Required Reading for All Americans December 28, 2008 C. Surdak (Huntington Beach, CA) I'm a big fan of Zubrin for his non-fiction work. It's technically astute, accurate in its use of facts and figures and blends well with his dry sense of humor. All in all a good read.
As for the subject matter and the message, this book should be read by all Americans and should be the basis of an energy policy for the incoming administration. Alas, they are likely as much in the pocket of Big Oil and OPEC as the outgoing administration. Money talks...
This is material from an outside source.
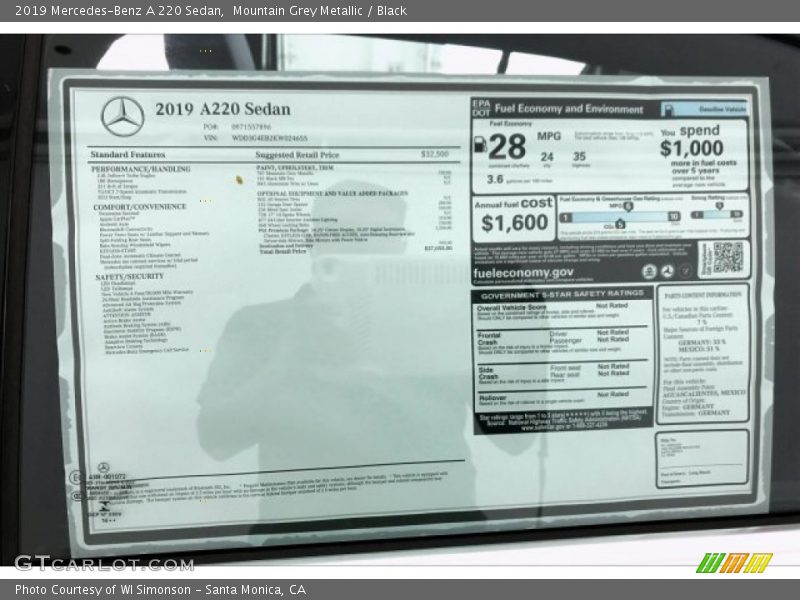 Mountain Grey Metallic / Black 2019 Mercedes-Benz A 220 Sedan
Worth serious consideration, but very antagonistic. September 30, 2008 George D. Smith (Clovis, CA.) 3 out of 3 found this review helpful
Dr. Zubrin is a visionary, and his case against the US dependence on foreign oil, particularly Saudi oil, is a strong one. His mission is to mandate flex-fueling the American automobile so that alcohols may be burned in the car, and OPEC can be busted. Unfortunately he goes out of his way to antagonize some natural allies in this mission: environmentalists, climate change alarmists (particularly Al Gore), green technology advocates, anti-nuclear activists, and others will bristle at some of Zubrin's opinions. Nonetheless the basic technology of converting to flex fuels is sound and deserves serious consideration. Methanol seems more promising than ethanol to me as a future fuel, and interested readers will want to look at the work of Dr. George Olah regarding this fuel option (See his book "Beyond Oil and Gas"). Olah has invented a process that can convert carbon dioxide into methanol that is very promising: It can sequester the greenhouse gas and produce a fuel with essentially a zero net carbon footprint. This technology is not covered in Zubrin's book. In fact, Zubrin needs to explain more about the underlying technology of producing these alcohols. While skeptical of environmentalists, he is not critical of some other cherished energy options: he advocates fission, but his solution to nuclear waste (petrify it into glass, put it into barrels, and drop it into mid-Pacific Ocean seabeds) will unnerve many. His rosy depiction of fusion may be unrealistic. Flex-fueling is much more attainable for the near future. I have little doubt that Americans need to work a lot harder at getting off oil. Both liberals and conservatives, skeptics and environmentalists, can probably agree with that goal.